At the same time I believe more than sixty percent of Floridians would amend our constitution to right this wrong.

If it passed you would see a whole lot of the freeloaders signing up for unions.

 



6 Responses to “Fields: Unions Wrong To Fight Against Secret Elections”

  1. jimmy hoffa says:

    Check Offs are necessary because employers intimidate workers in the time it takes to hold an election. They have been known to fire union organizers, tie the elections up in court and threaten anyone suspected of having union sympathies. The only way to fight this one sided system we have now is through the card check off.

    Here is the kind of justice workers get with a “fair secret election” at the SmithfieldFoods slaughterhouse in North Carolina, which took more than 10 years to organize:
    “In 1994 and 1997, Smithfield workers voted in two union representation elections, both lost by the UFCW. In 1997 the head of plant security, Danny Priest, told local sheriffs he expected violence on election day. Police in riot gear then lined the walkway into the slaughterhouse, and workers had to file past them to cast their ballots. At the end of the vote count union activist Ray Shawn was beaten up inside the plant. Three years later Priest, while still head of plant security, became an auxiliary deputy sheriff, and plant security officers were given the power to arrest and detain people at work. The company maintained a holding area for detainees in a trailer on the property, which workers called the company jail.”

    I would agree with Mr. Fields if these were fair elections. They are not!!!!

  2. Sam Fields says:

    Dear Jimmy
    Your problem is not with secret ballots but with the NLRB. Wouldn’t an employer also be able to challenge the check off system in court by alleging phony signatures, intimidation, etc?

    If you produced 500 cards I guarantee I could challenge a number of them and tie you up in court. It would a piece of cake to get affidavits from numerous card signers claiming that union organizers threatened them into signing.

    If secret ballots are bad in union elections then they are bad in all elections because all of the corruption that exists.

    If I could get 51% of the electors to sign my petition for city counsel should we just skip the election?

    The recent DEC election is not a secret ballot.

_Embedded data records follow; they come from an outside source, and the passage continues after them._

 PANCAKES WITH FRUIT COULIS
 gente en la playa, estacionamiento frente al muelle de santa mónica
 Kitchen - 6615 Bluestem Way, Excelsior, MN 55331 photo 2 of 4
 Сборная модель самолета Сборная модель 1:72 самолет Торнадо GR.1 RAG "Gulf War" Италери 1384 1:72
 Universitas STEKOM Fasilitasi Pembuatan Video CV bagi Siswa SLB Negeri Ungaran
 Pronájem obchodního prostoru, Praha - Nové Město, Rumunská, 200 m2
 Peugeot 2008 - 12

Who knows how the voters really felt?. Maybe fear caused them to support the person they believed would be the winner and not the person they wanted.

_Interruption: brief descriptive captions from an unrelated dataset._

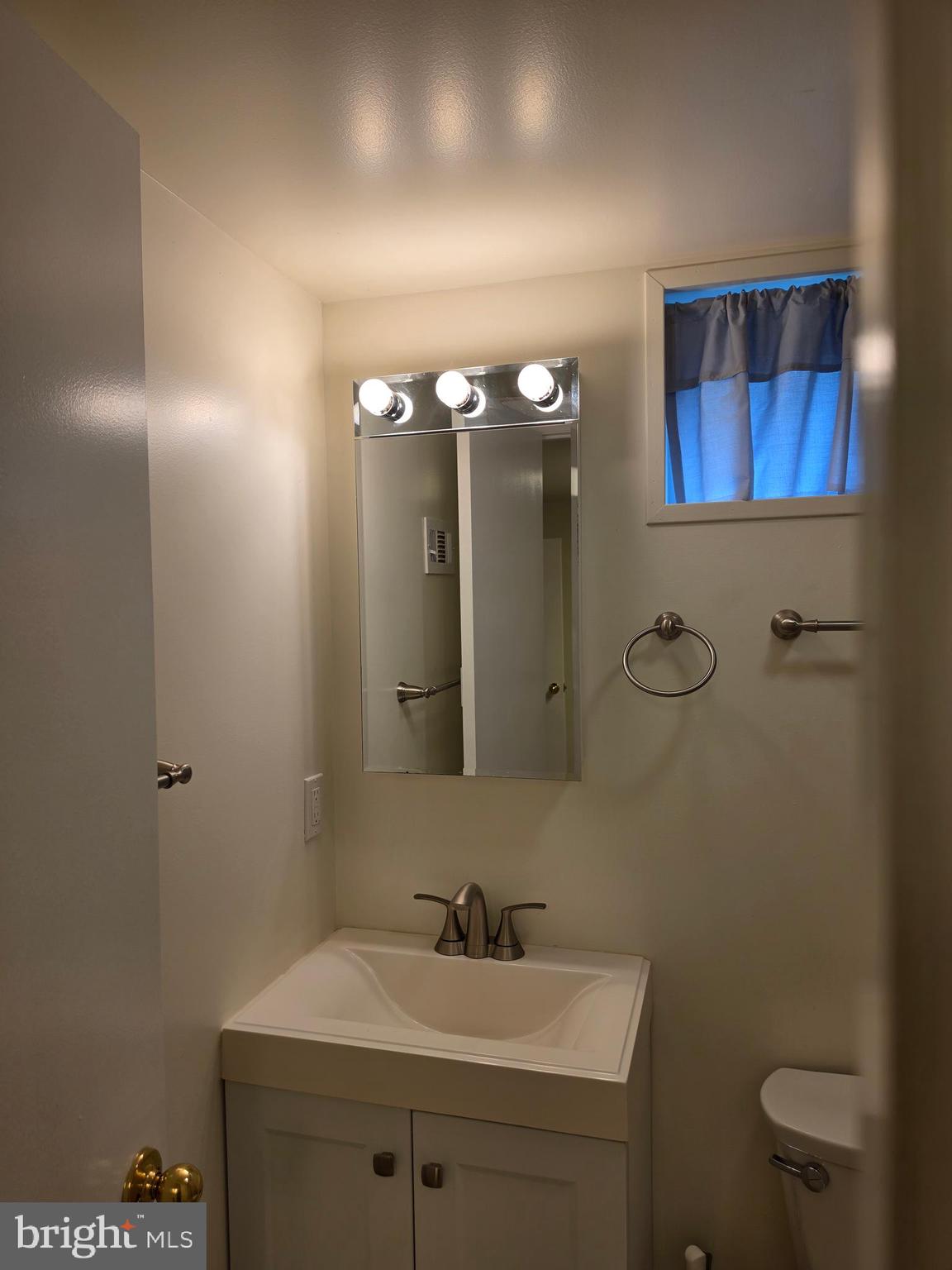 4700 Red Fox Road Rockville, MD 20852 - Photo 18 of 22 Gallery Image 18
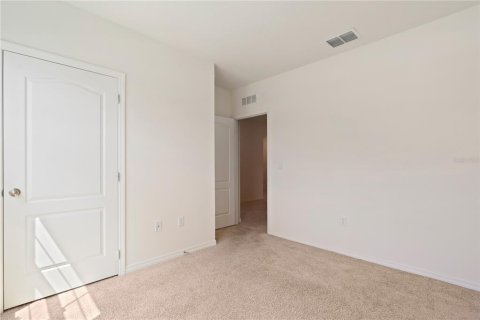 House in Davenport, Florida 4 bedrooms, 173.45 sq.m. № 2229509 - photo 5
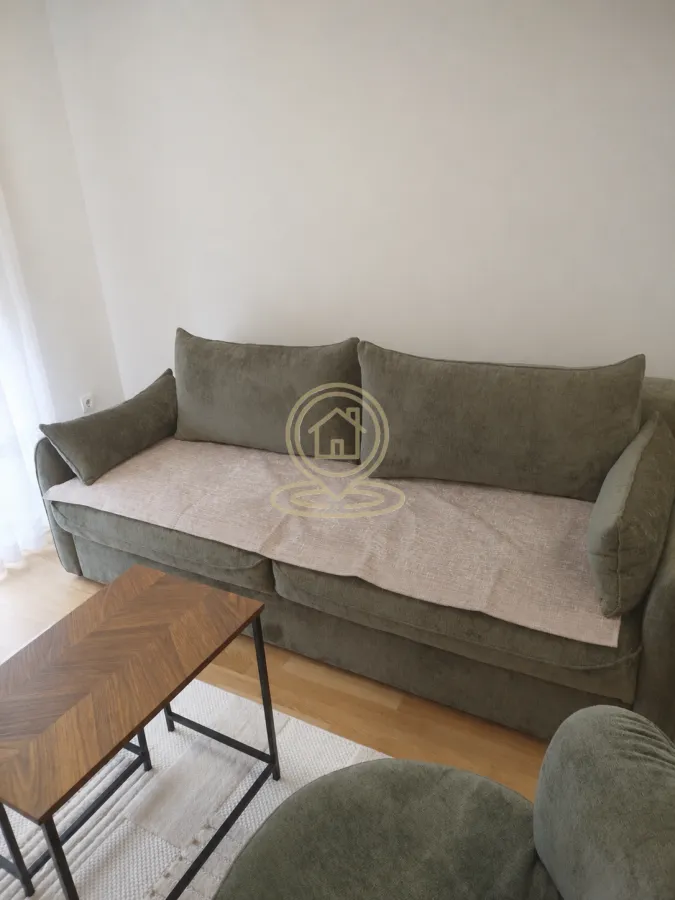 Izdavanje, trosoban stan, 54m², Telep, Novi Sad Sve Podlokacije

    Only jurors and government officials fulfilling their official capacity should be required to openly vote.

    Sam

    P.S. Since they are knocking down the Meadowlands where are going to move to?

    P.P.S. Why are you not as pissed off about laws that require the union to represent non members?

  3. jimmy hoffa says:

    We represented everybody in the Teamsters. They paid their dues or else.
    Having to represent non-dues payers is a problem with the anti-worker politics of Florida, as you wrote.
    The anti-worker sentiment is so strong that they are embodied in the state Constitution:
    “SECTION 6. Right to work.–The right of persons to work shall not be denied or abridged on account of membership or non-membership in any labor union or labor organization. The right of employees, by and through a labor organization, to bargain collectively shall not be denied or abridged. Public employees shall not have the right to strike.”
    Sounds down right American, until you realize that it is designed to weaken any efforts towards collective bargaining.
    Why do you think Florida has low wages and so many employers offer no benefits?

  4. Sam Fields says:

    I don’t support right to work which I believe most Floridians do support.

    It is law and not the constitution that requires unions to protect non members. I believe most of us think that is unfair.

  5. unionthuggery says:

    Sam, you are right on point.
    If I understand card-check, a worker’s yes or no vote is common knowledge. Can you imagine the late night knock on the front door by pro union people wanting to “discuss” one’s anticipated support?
    Card check is an imvitation to thuggery.
    Sam, what is the position of the pro card check lobby?
    Is the current secret ballot system broken? If it isn’t why fix it?

  6. Sam Fields says:

    I can also imagine the employer holding meetings threatening employees who signed the cards.